A pesar de los analgésicos, Leandro debió sufrir mucho. Benja caminaba al lado de la camilla, apretando la mano de su tío, que intentaba disimular. Cuando llegaron al claro del bosque, Paula corrió hacia ellos.
—Lean, ¿Cómo estás? Qué susto nos has dado.
—Me resbalé con el musgo. Creo que me he roto la pierna.
—Serás idiota. Si no hubiera sido por Pedro, aún seguirías ahí tirado. Oh, Lean, qué alegría... ¡No vuelvas a hacerme esto en tu vida!
Paula apoyó la cara en el pecho de su hermano, sollozando.
—No llores, tonta.
—¡No estoy llorando! —gritó ella, abrazando a Pedro—. ¿Cómo puedo agradecértelo? He pasado un miedo horrible...
—Me alegro de haber podido echar una mano.
—Benja, ¿Estás bien? —preguntó Paula entonces, apartándose.
—Sí, mamá. Estoy bien.
—Hay una ambulancia esperando en la carretera. Pedro, ¿Te importaría quedarte con Benja mientras yo voy al hospital con mi hermano?
—Puedo ir a casa del tío Diego—dijo el chico.
—Aún no ha vuelto, hijo... Ah, aquí llega el doctor McGillivray.
El hombre había engordado un poco en aquellos años y tenía muchas canas, pero sus cejas seguían tan pobladas como antes.
—Hola, doctor —lo saludó Pedro.
El médico, que estaba mirando a Leandro, giró la cabeza.
—Pedro Alfonso. No sabía que anduvieras por aquí.
—Pues debe ser el único —bromeó él.
Pero le sorprendió algo: la expresión del doctor McGillivray al verlo había sido... ¿De culpabilidad?
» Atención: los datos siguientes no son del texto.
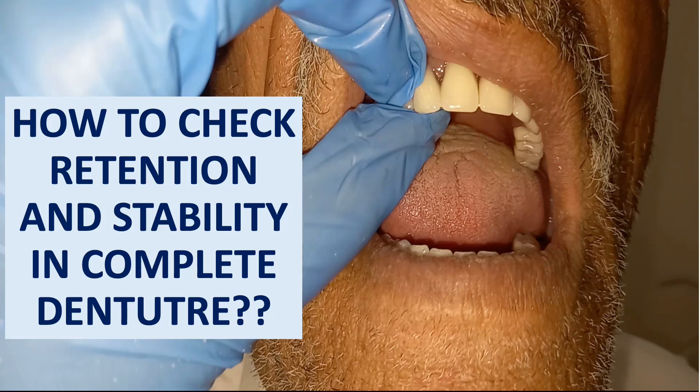Hey everyone, welcome back to my channel Dental Cafe. If you are new to my channel, don't forget to subscribe and hit the bell icon for the latest videos. Today we are going to discuss how to check retention and stability in complete denture — a very important and difficult topic to deal with.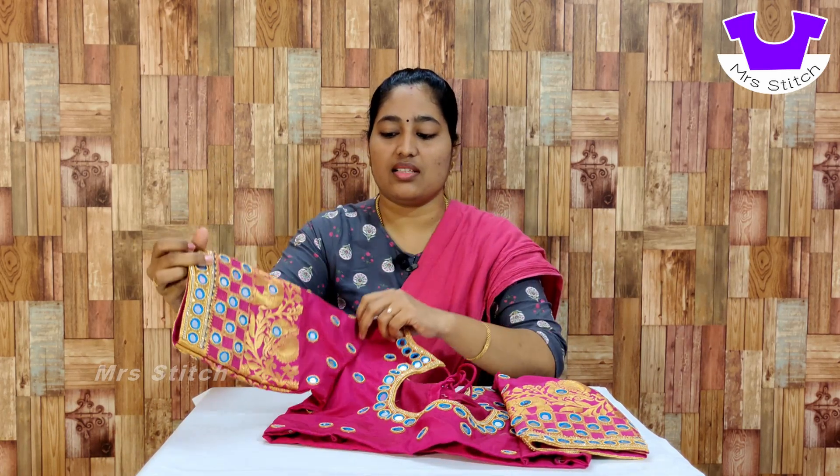The sleeve design is the same as the front. If you want to make this design, you can use the online classes or direct classes. You can see the details in the description of the video if you want to join the design classes.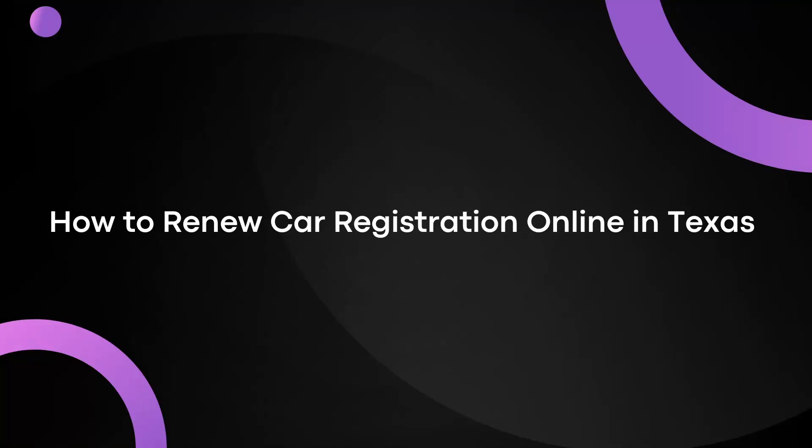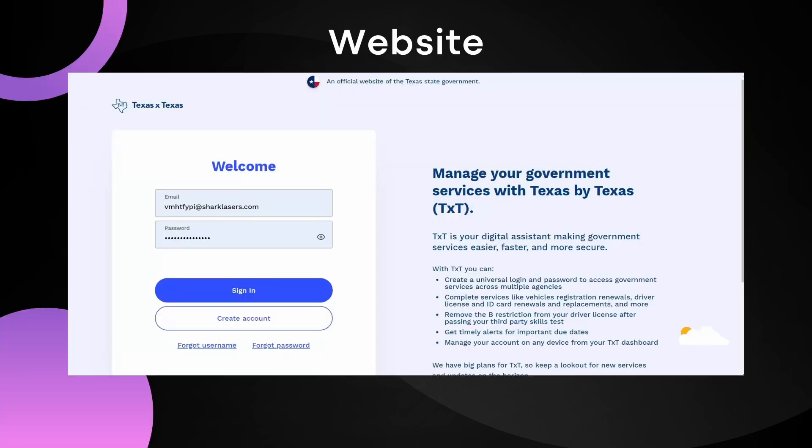Hey everyone and welcome back to the channel. In this video I'll show you how to renew car registrations online in Texas. So let's get started.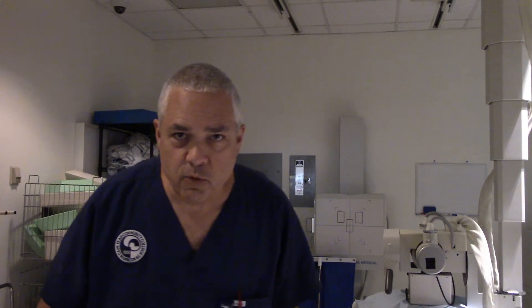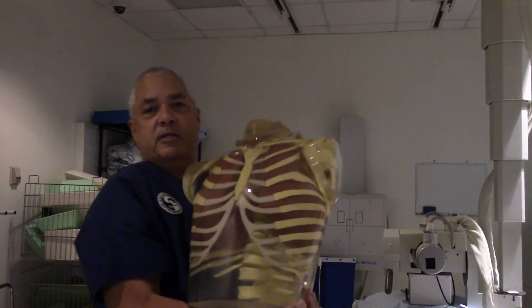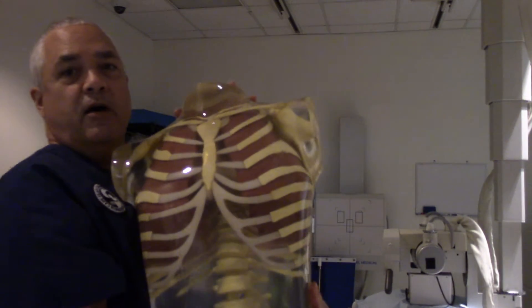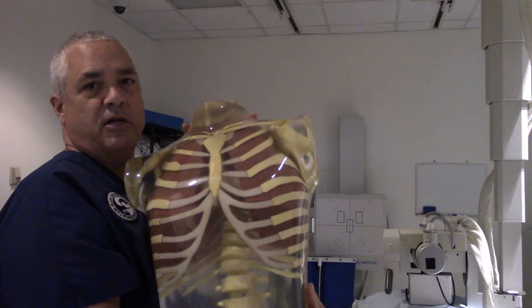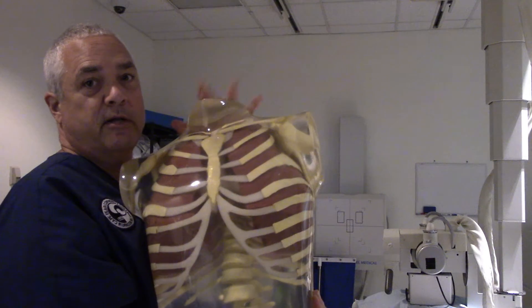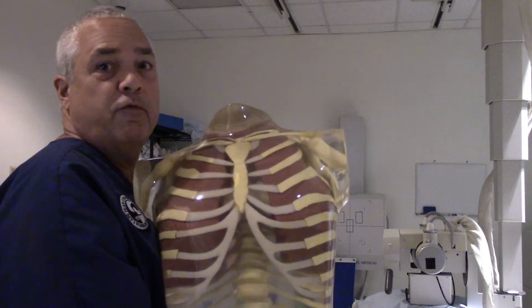We're also going to be testing the angulation today. Whenever you're doing chest x-rays — AP chest, stretcher chest, wheelchair chest — the central ray is supposed to go perpendicular to the sternum. You might wonder how we'll show different angles, but it's not going to be a problem because I happen to have this little jewel. I can't hold this thing up very long because it is exceptionally heavy — about 50 pounds — so I'm going to put it down before I drop it.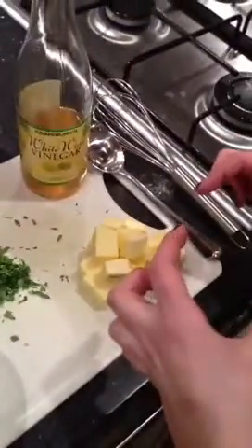Béarnaise for Sophie. Two egg yolks, one shallot chopped, a bunch of tarragon, half a pack of normal sized butter, diced, some white wine vinegar or normal vinegar, salt and pepper.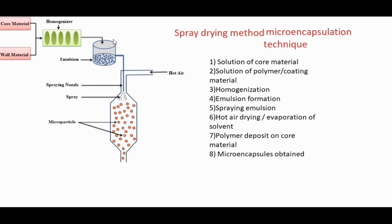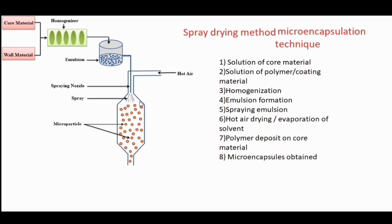Today we will discuss another method for the preparation of microencapsules: the spray drying method. In this method, first we prepare a solution of the core material, then in the second step we prepare a solution of the polymer material. In the third step we do homogenization using a homogenizer, and in the fourth step we get an emulsion. In the fifth step we spray this emulsion using a spray nozzle.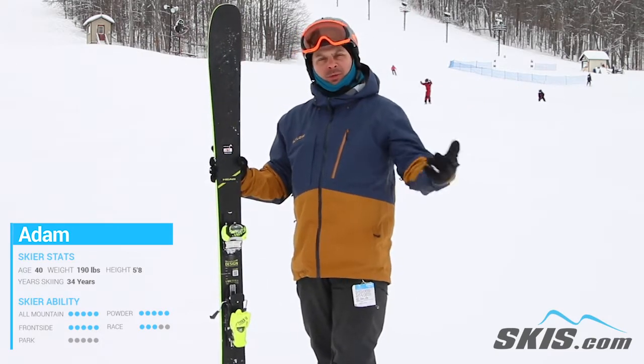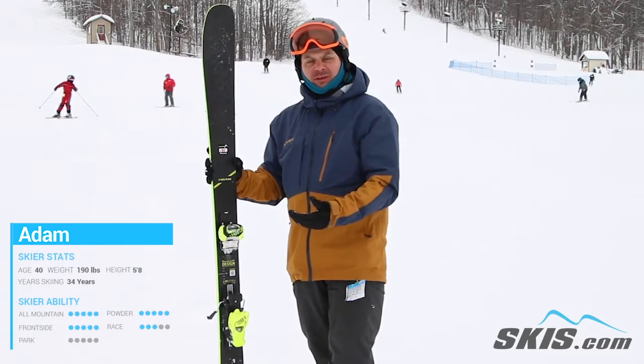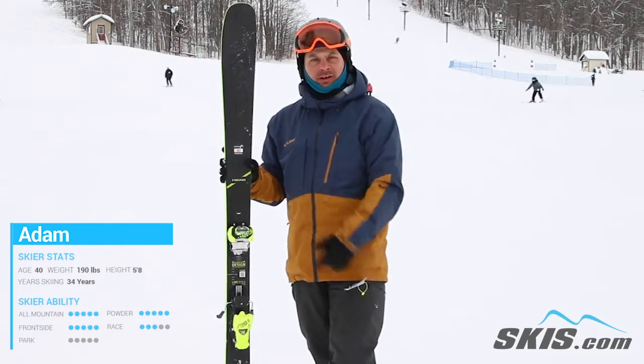So that intermediate all the way up to expert level skier who wants something that's really just gonna be versatile enough to spend some of the time off trail, most of the time on — great option for you.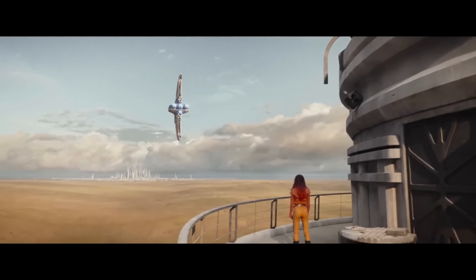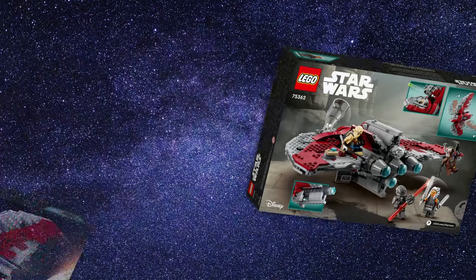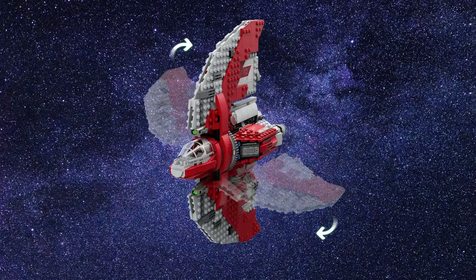With the upcoming Disney Plus Star Wars series Ahsoka, LEGO released an awesome set of the T6 Jedi Shuttle. It comes with a great selection of minifigures, it can shoot and the wings can move. So let's make a micro build out of this amazing set.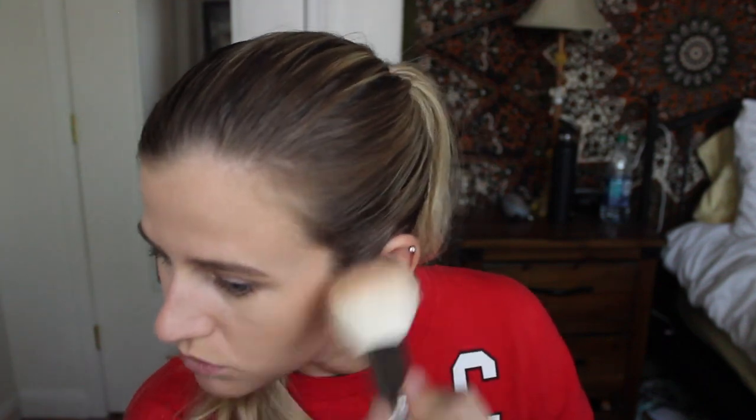Is there anyone else out there who is a dewy gal but has combination skin? Sometimes it's oily as frick, sometimes it's dry as frick. On those super oily days, I don't get how dewy skin is a trend because I don't want dewy skin — I want my skin to look like a desert on those oily days. I'm using the Physician's Formula Butter Bronzer to bronze up my face. That jawline though.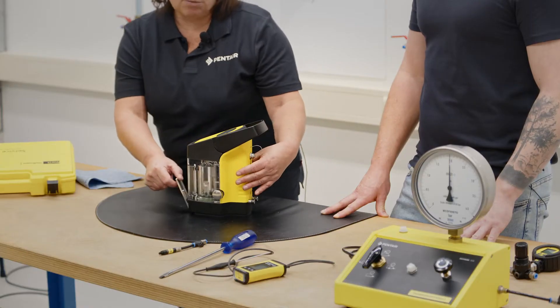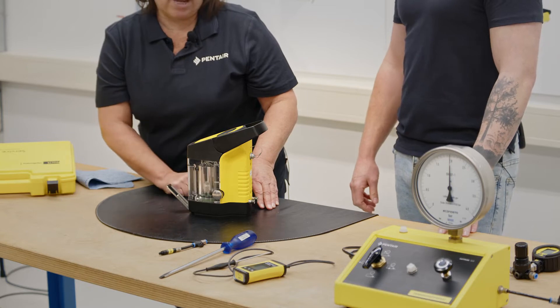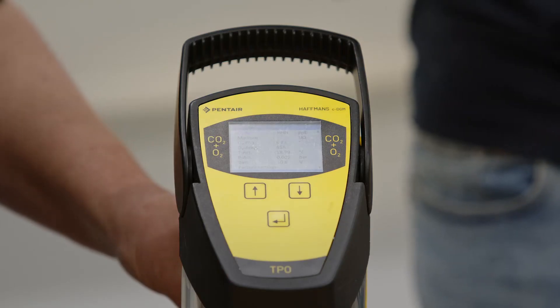When opening the plunger, you can read if the meter already measures approximately zero bar.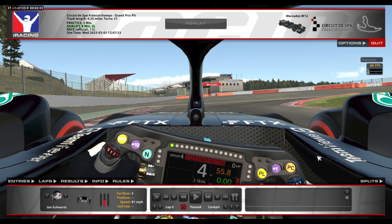Hey guys! Here we are for a short track guide in the Mercedes W12X at SPA. For this track guide, I'm going to show you the lap in full speed first, and then I'm going to show the lap in slow motion and break down my approach to each corner.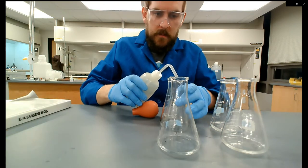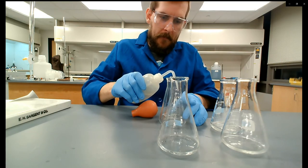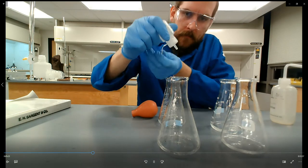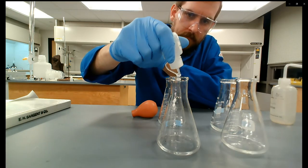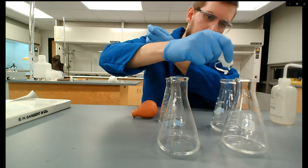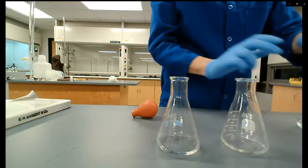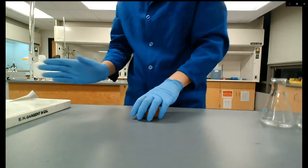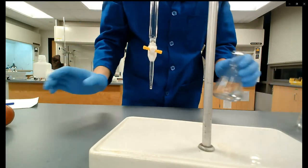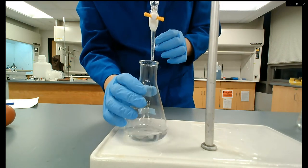I'm adding two to three drops of phenolphthalein indicator to each flask — the same indicator as the previous set of titrations, same color change. It's acetic acid right now so the pH is low and phenolphthalein looks colorless. We're adding sodium hydroxide, so I'm looking for that faint pink endpoint again. I've already recorded the initial burette reading.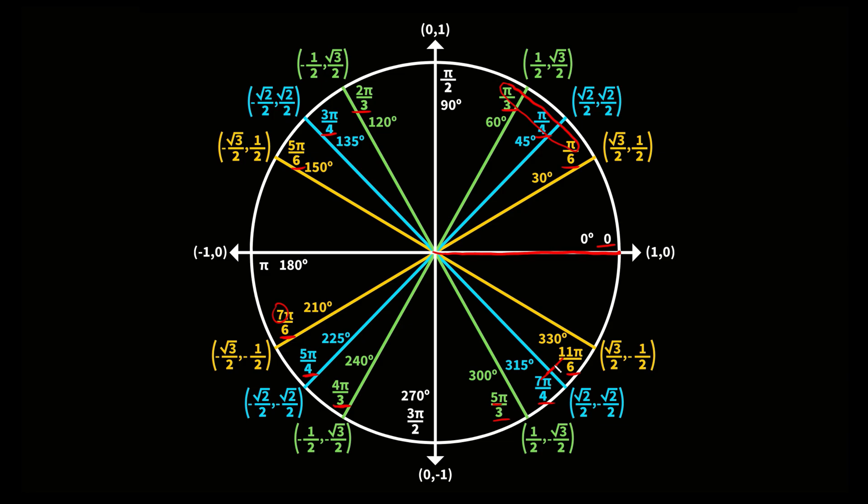Now, let's say you didn't memorize any of these radians and completely forgot them. As long as you know the angle, you can figure out the radian by converting degrees to radians. Multiply by pi over 180. For example, to convert 300 degrees: multiply by pi over 180. Cancel the trailing zeros to get 30 pi over 18, then reduce — both divisible by 6 — to get 5 pi over 3. So you don't have to memorize any single radian as long as you know the angle.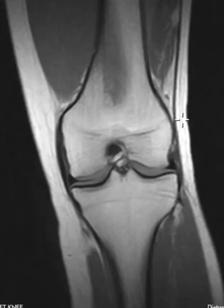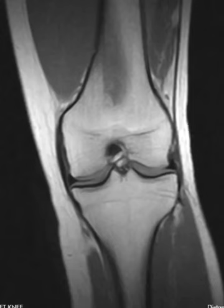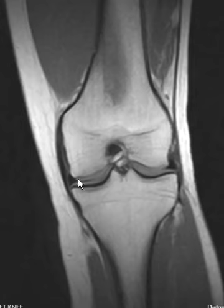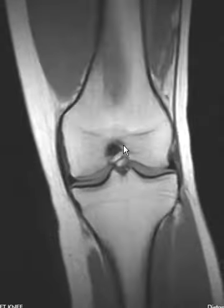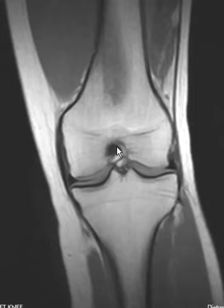She had been scanned about a year ago and had an ACL tear at that time, and now she comes back with continued knee pain. If we look on this view here, we see that her lateral meniscus looks good, medial meniscus looks good here in the region of the body, no arthritis. The ACL we don't really see here — it should be a vertical band here. The PCL looks normal.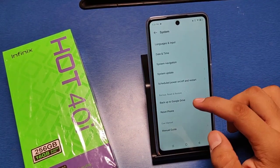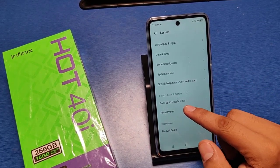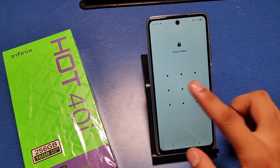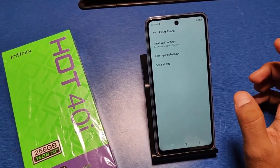You can see there is a System option — click on it. Then you can see there is a Reset Phone option. Click on Reset, put in the password, and the Wi-Fi settings will be reset.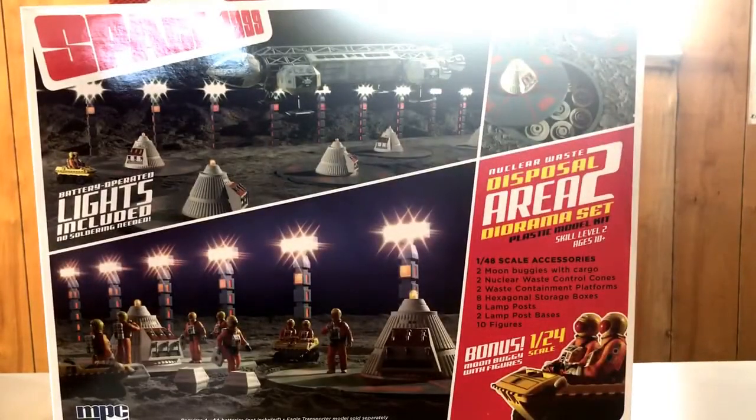Hey everybody, it's Todd. I'm going to do a little out-of-the-box kit review for this Disposal Area 2 diorama set. This is the one I've been talking about and I'm trying to get everybody out there to buy one of these kits. So I figure I'll show you everything that's in it and maybe that will spark your interest.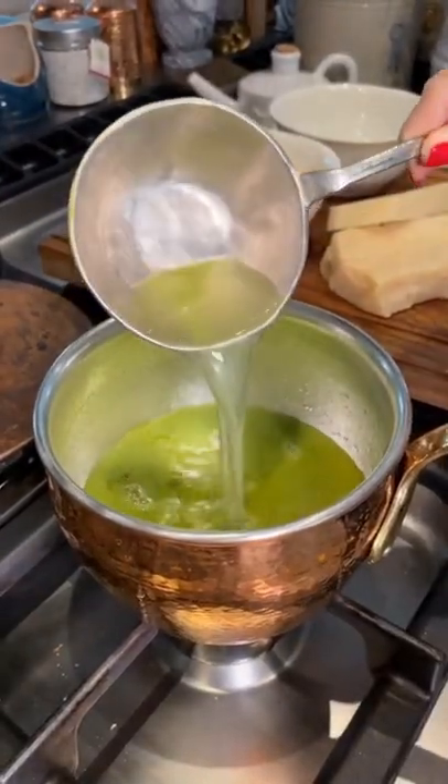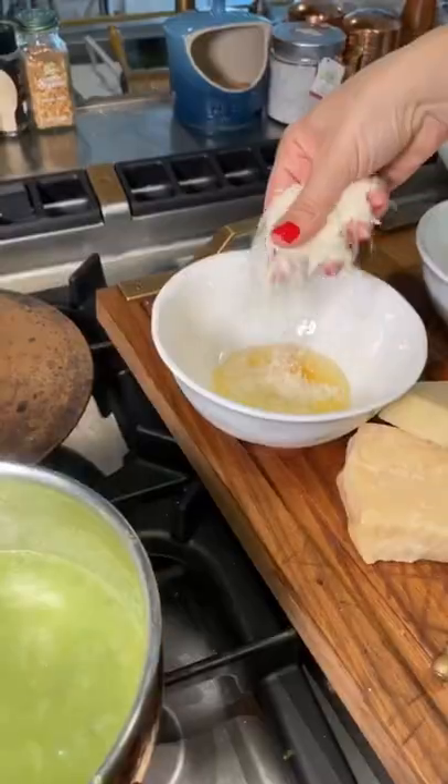A little more hot water and take it to a boil, then add your uncooked pasta. It will slowly absorb all the sauce — just keep adding a little water until the pasta is al dente.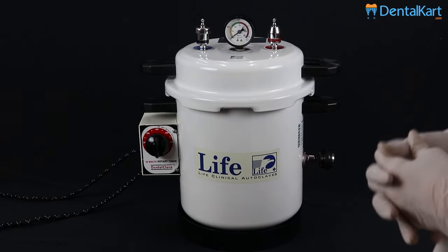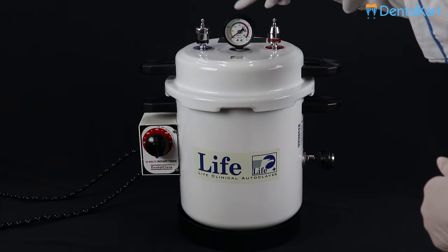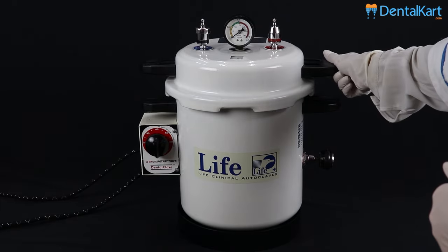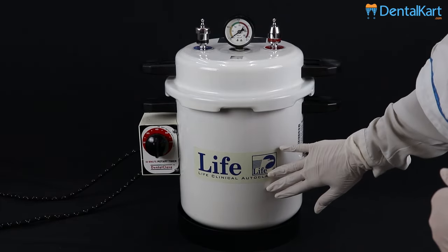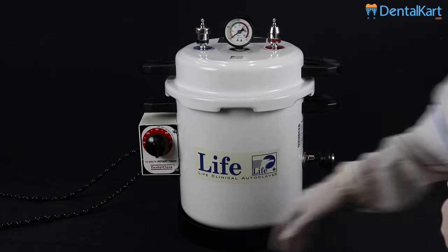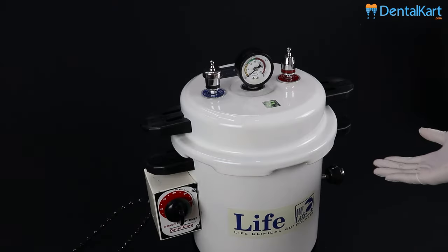The parts of a top loading autoclave are: safety valve, pressure gauge, pressure regulating device, lid, lid handle, body of autoclave, body handle, steam releasing valve, rotary timer, and black steel stand.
Pero, ¿Por qué?
—¿Dónde te habías metido, Leandro? Está todo el pueblo despierto por tu culpa.
Mientras el médico le ponía una inyección para calmar el dolor, Paula se acercó a Pedro.
—Gracias, gracias. Pensar que mi hermano podría haber estado tirado en medio del campo toda la noche...
—De nada, tonta.
Ella siguió a la camilla hasta la ambulancia. La gratitud estaba bien, pensó Pedro. Pero él quería mucho más que gratitud de Paula Chaves. ¿Qué quería exactamente?
Paula, acompañada de Diego y Gonzalo, volvió a casa alrededor de las tres de la mañana. Leandro tenía rota la tibia y debía quedarse unos días en el hospital. Benja estaba ya en la cama. Se había ido a su habitación nada más entrar en casa, sin decir una palabra. Pero Pedro se guardó eso para sí mismo. Después de recibir el agradecimiento de los Chaves, decidió volver al hotel.
Al día siguiente, se levantó temprano e hizo varias llamadas. A las diez, entraba en la tienda de artesanía. La ayudante de Paula, una chica llamada Macarena, sonrió, conspiradora.